Give the entries again exactly, without pictures.

PROVIDED MATERIAL:
BEGIN

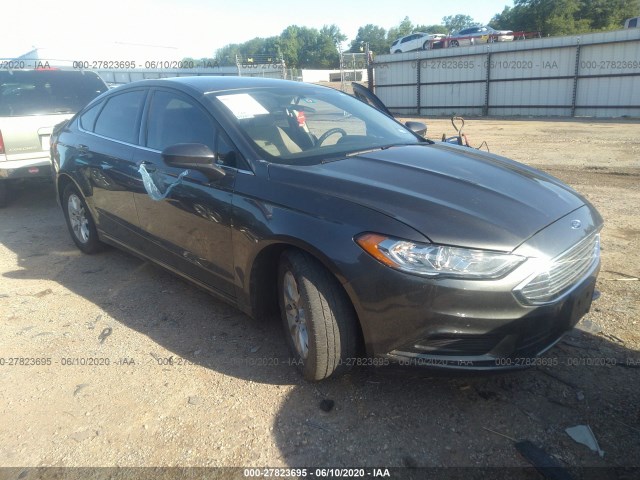 FORD FUSION 2018 3fa6p0g78jr203525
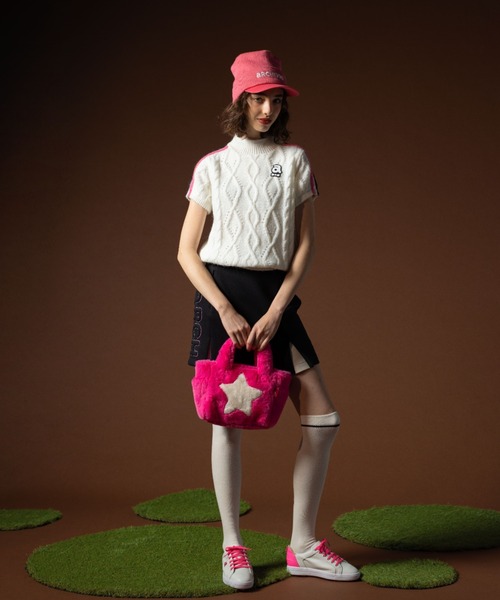 archivio ニット帽 ニットキャップ 「LADIES」ニットキャップ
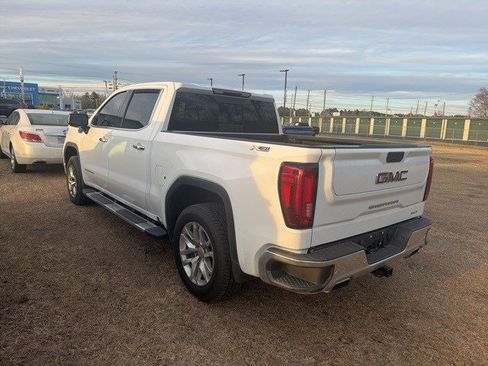 Used 2020 GMC Sierra 1500 SLT w/ SLT Premium Plus Package image 8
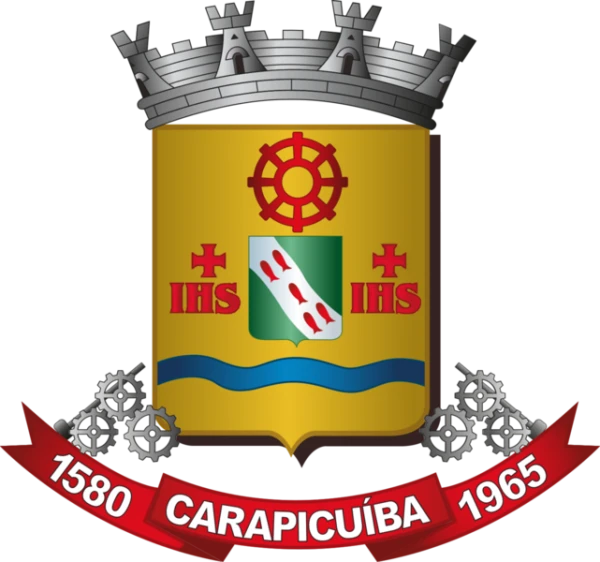 Brasão do município de Carapicuíba (SP)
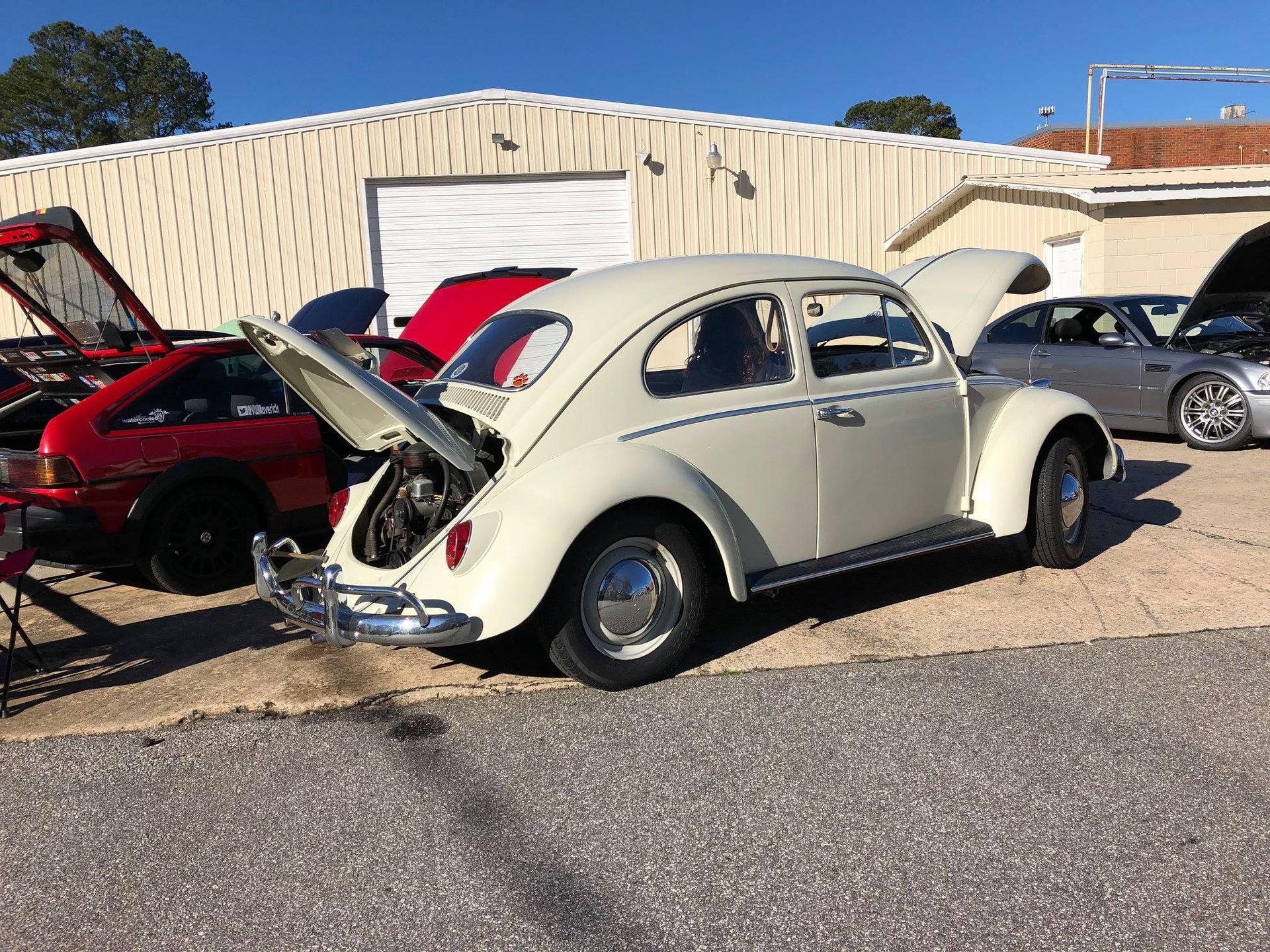 Retro Vehicle at Car Craft of Athens - Athens Auto Repair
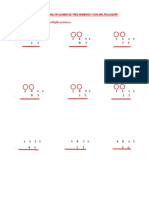 PRACTICA N°02 “MULTIPLICANDO DE TRES NÚMEROS Y DOS MULTIPLICADOR”    21 DE SEPTIEMBRE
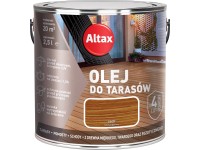 Altax Olej do tarasów cedr 2,5L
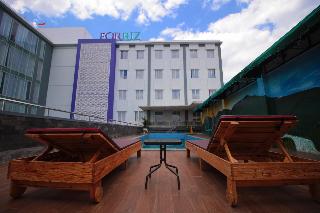 Forriz Hotel Yogyakarta fotoÄŸrafÄ±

END

SOLUTION TO THIS PROBLEM:
 FORD FUSION 2018 3fa6p0g78jr203525
 archivio ニット帽 ニットキャップ 「LADIES」ニットキャップ
 Used 2020 GMC Sierra 1500 SLT w/ SLT Premium Plus Package image 8
 Brasão do município de Carapicuíba (SP)
 Retro Vehicle at Car Craft of Athens - Athens Auto Repair
 PRACTICA N°02 “MULTIPLICANDO DE TRES NÚMEROS Y DOS MULTIPLICADOR”    21 DE SEPTIEMBRE
 Altax Olej do tarasów cedr 2,5L
 Forriz Hotel Yogyakarta fotoÄŸrafÄ±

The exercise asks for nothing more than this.